Formulation. If you both agree to focus on insomnia as the main difficulty, you’ll spend some time formulating your sleep difficulties – discussing examples of what you experience, to work out what your own unique vicious cycle looks like. You can read more about formulation in this blog.
Psychoeducation. Understanding sleep and why we do it is also important. For instance, if you wake up feeling sluggish and with sore eyes you may believe you haven’t had enough sleep – but it may be down to something called ‘sleep inertia’, which happens when we’re transitioning from being asleep and being awake. Someone with anxiety around sleep may see this as evidence they’ve had a bad night’s sleep, which fuels their vicious cycle.
Breaking the cycle. Next comes the main part of treatment, when you and the therapist will work together on breaking the cycle. The exact techniques used will be individual to each person and their formulation, but one effective approach is the ‘behavioural experiment’.
These are scenarios that a patient and therapist design together to test out the beliefs they have, often by doing something different. The white rabbit experiment is a simple example; from doing it you learned that trying to not think about something makes you think about it more! Such experiments provide evidence that helps you challenge a belief – in this case “If I deliberately don’t think about something the worry will go away”.

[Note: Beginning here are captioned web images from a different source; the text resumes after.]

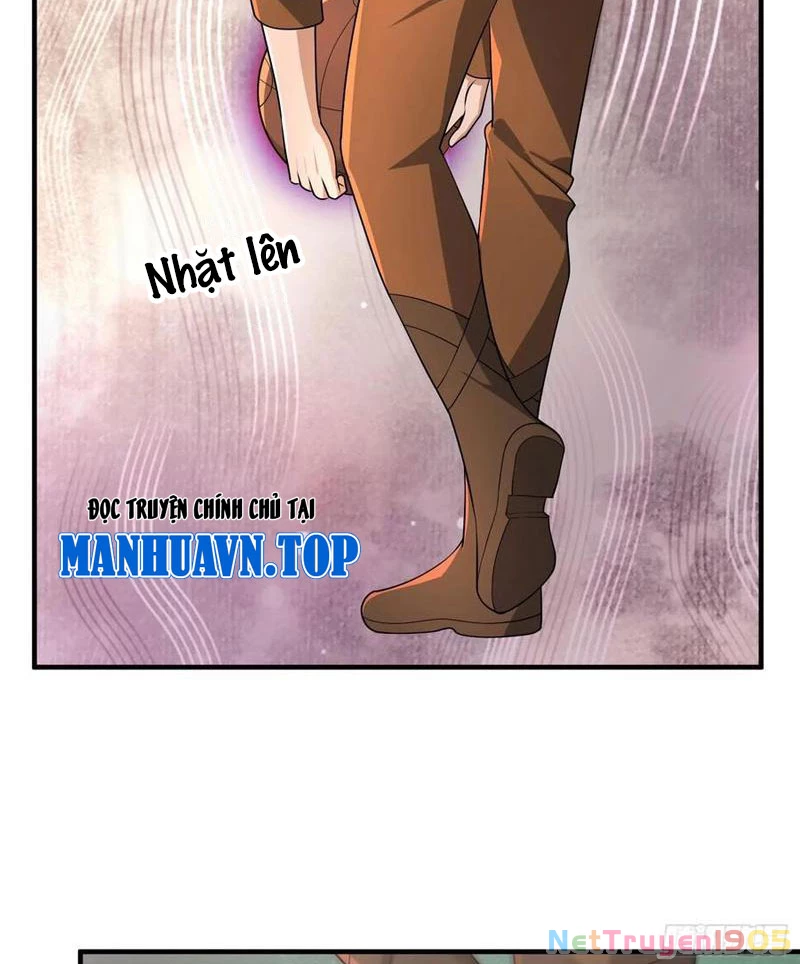 Toàn Cầu Kinh Dị: Ta Mở Ra Thương Thành Tự Do Hack Chapter 21 - 3
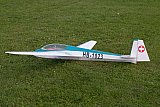 Freundschaftsfliegen MFG B&uuml;lach 2014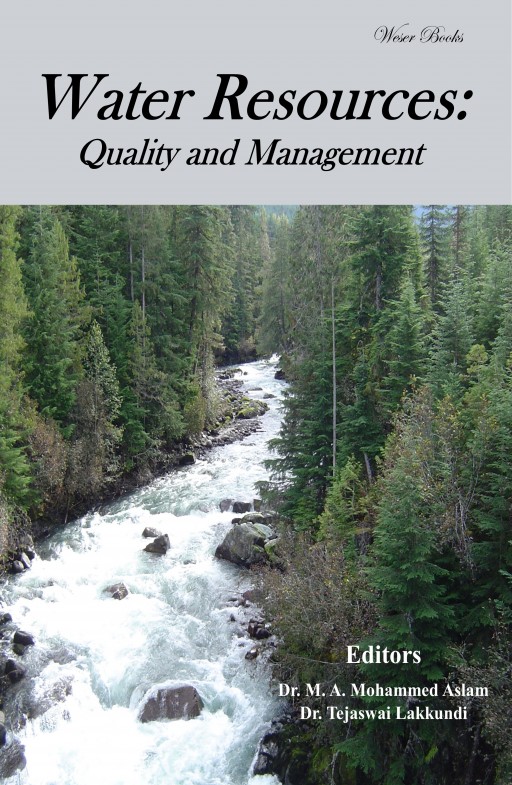 Water Resources: Quality and Management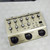 Used Boss VE-8 acoustic Singer Guitar Effects Pedal 40042-S000276436 View 2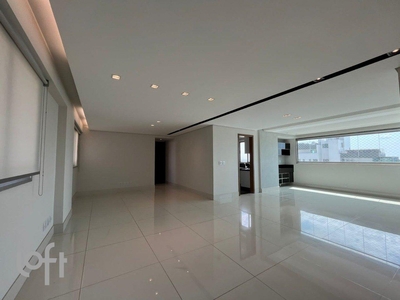 Apartamento à venda em São Pedro com 160 m², 4 quartos, 2 suítes, 4 vagas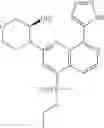 Fig. 331 - 2-(morpholin-4-yl)-1,7-naphthyridines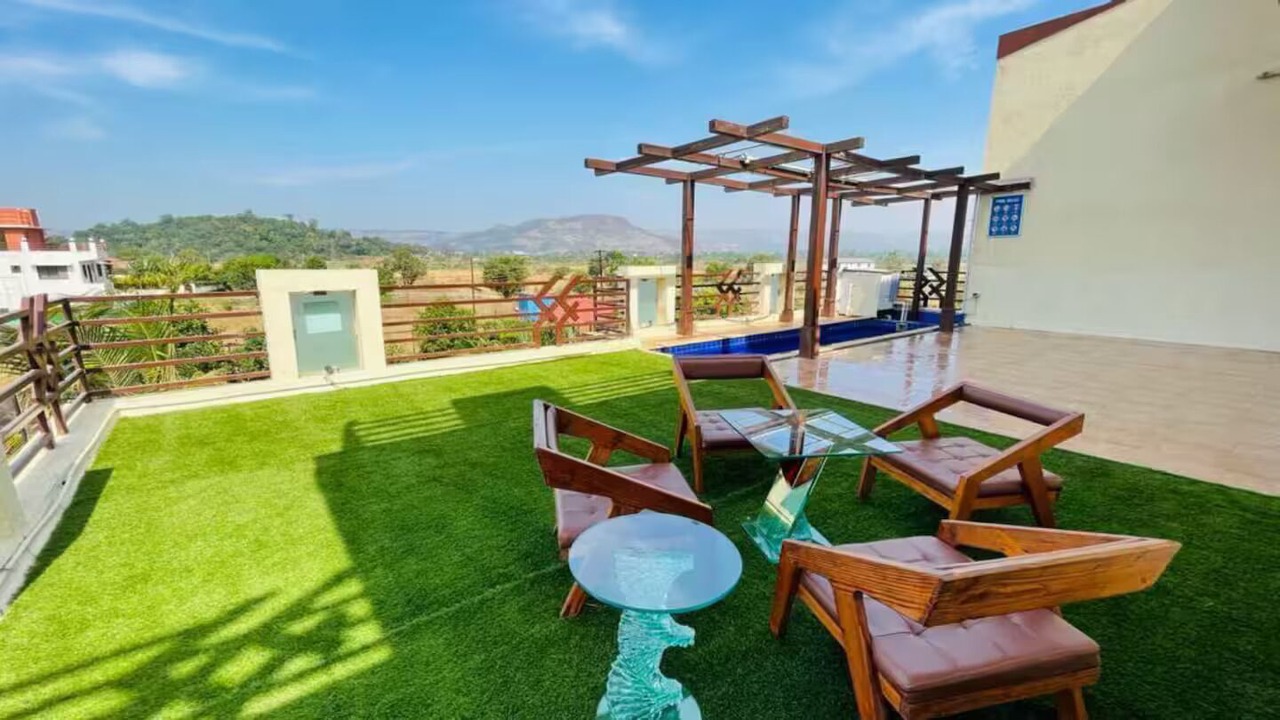Photo of Outdoor in Lonavala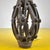 Antique Carved Wooden Pinnacle For Sale - Image 4 of 12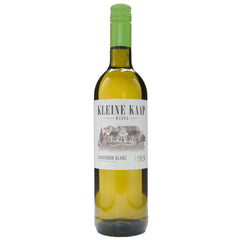 Kleine Kaap Sauvignon Blanc South Africa 2020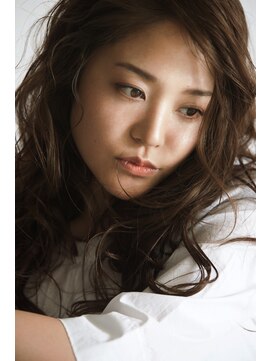 アンテレ ナチュラルカール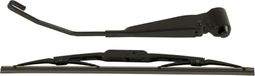 Taros Trade 244-3260-R-238307 ruitenwisserarm en wisserblad, set van 2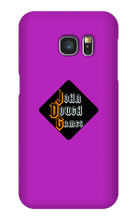 JDG Samsung Phone Cases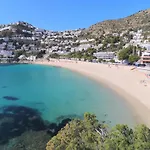 Garbinell A - Piso muy bonito, Vistas al mar espec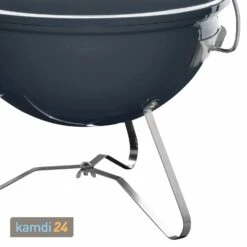 Weber Smokey Joe Premium Holzkohlegrill 37 Cm Slate Blue -KAMDI24 Verkäufe weber smokey joe premium holzkohlegrill 37 cm slate blue 25549 m 9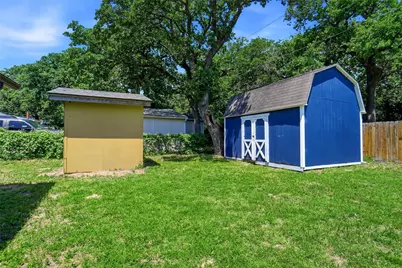 7150 Allyn Drive, Azle, TX 76020 - Photo 32
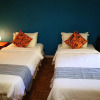 Отель The Sun Villa Resort and Spa Hilltop, фото 4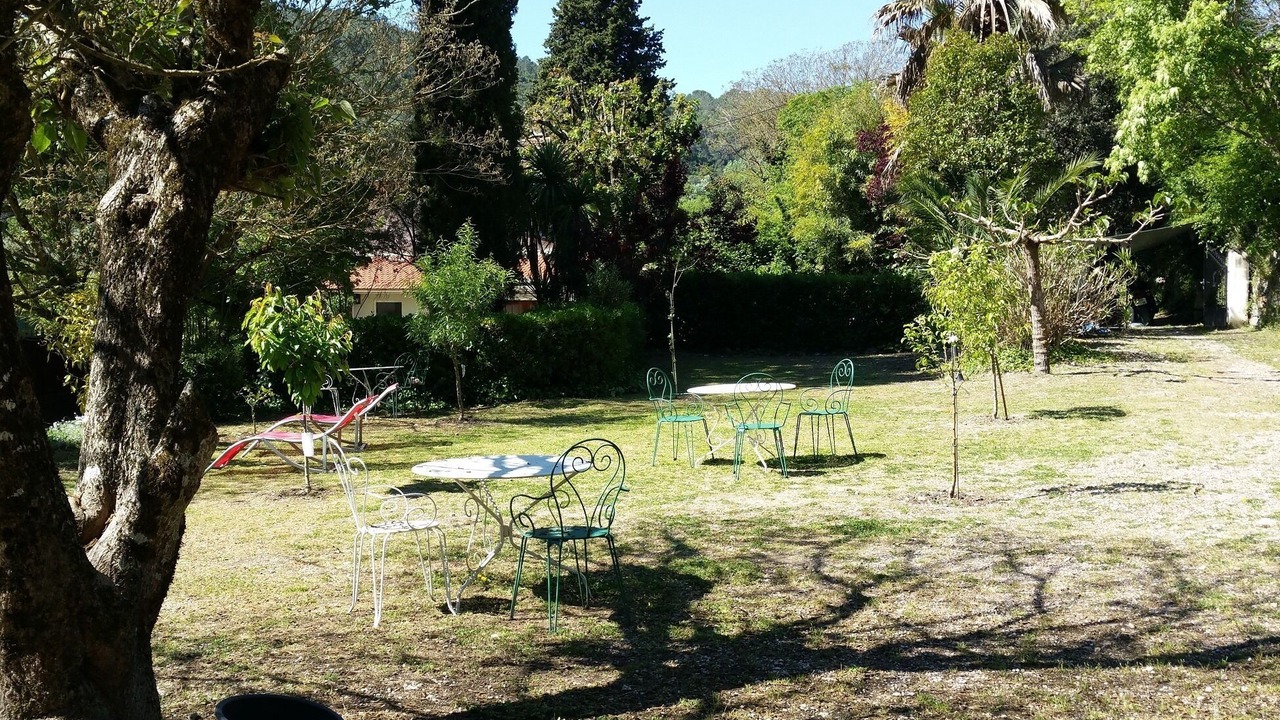 Photo of Outdoor in La Colle-sur-Loup
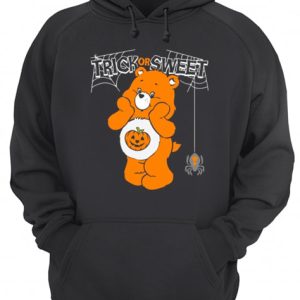 Care Bears Trick or sweet bear Halloween shirt 3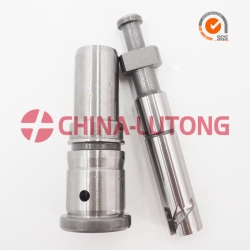 Fuel Pump Parts Plunger ZEXEL OEM Number 134101-6420P49 Diesel PlungerElement For MITSUBISHI P Type For Fuel Engine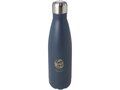 Cove 500 ml RCS certified recycled stainless steel vacuum insulated bottle 7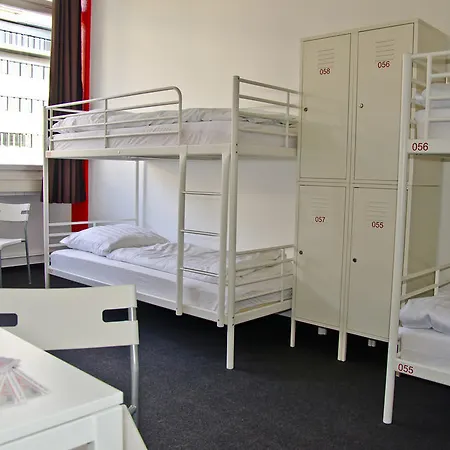 Check In Hostel Berlin-3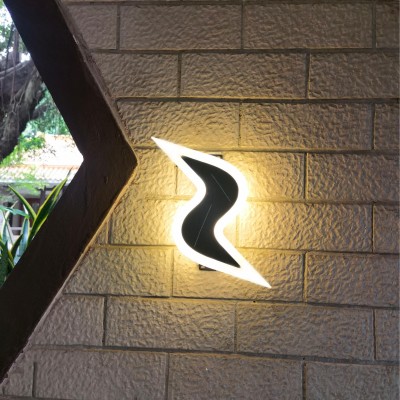 Solar Wall Lamp IP65 Waterproof Wall Lamp SWL1500picture7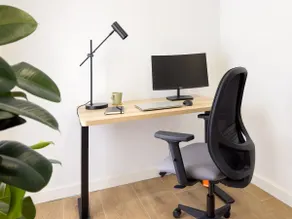 Apartment + Office in Retiro - Image 3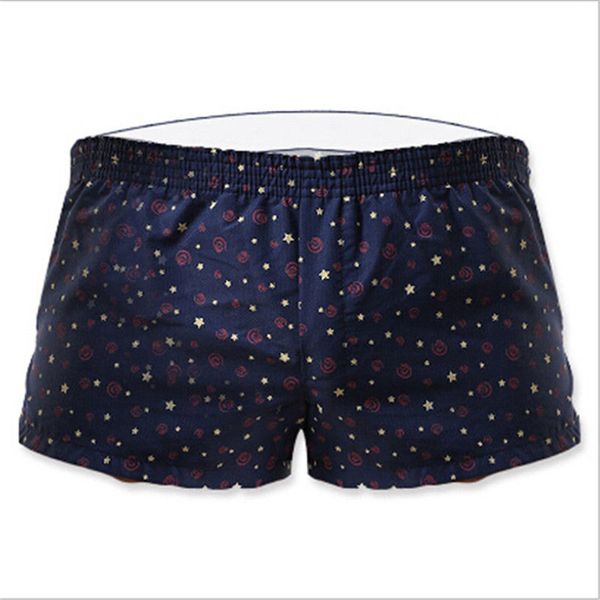 4styles brand men boxers polyester male breathable man short panties cueca night calzoncillos underpants, White;black
4styles brand men boxers polyester male breathable man short panties cueca night calzoncillos underpants, White;black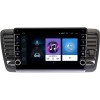 Штатная магнитола Wide Media LC9709ON-2/32 для Subaru Legacy IV, Outback III 2003-2009 на Android 8.0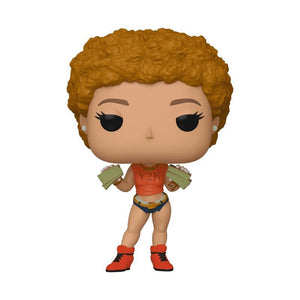 Funko Pop! Ice Spice Vinyl Figure，Vinyl Figure，OCARE NZ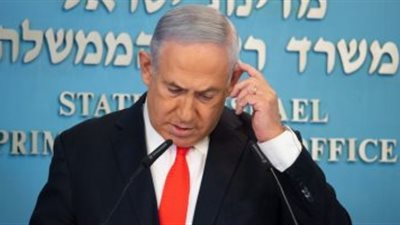 نتنياهو يمتنع عن الإدلاء بتصريحات إعلامية في أولى جلسات محاكمته بالفساد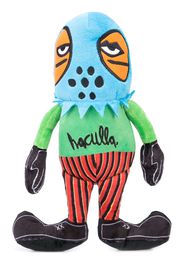 Haculla Hockey Mask Man toy - Multicolour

Someone who’s slept badly may believe the only way they can get through the day is to drink coffee – and that if they stop before 7pm this won’t affect their sleep. As an experiment, they might gradually reduce the amount of coffee they drink and see what impact this has. Chances are they’ll notice they can survive the day without it – and they’ll probably sleep better as well. You may well need to practice behavioural experiments like this over a period of time.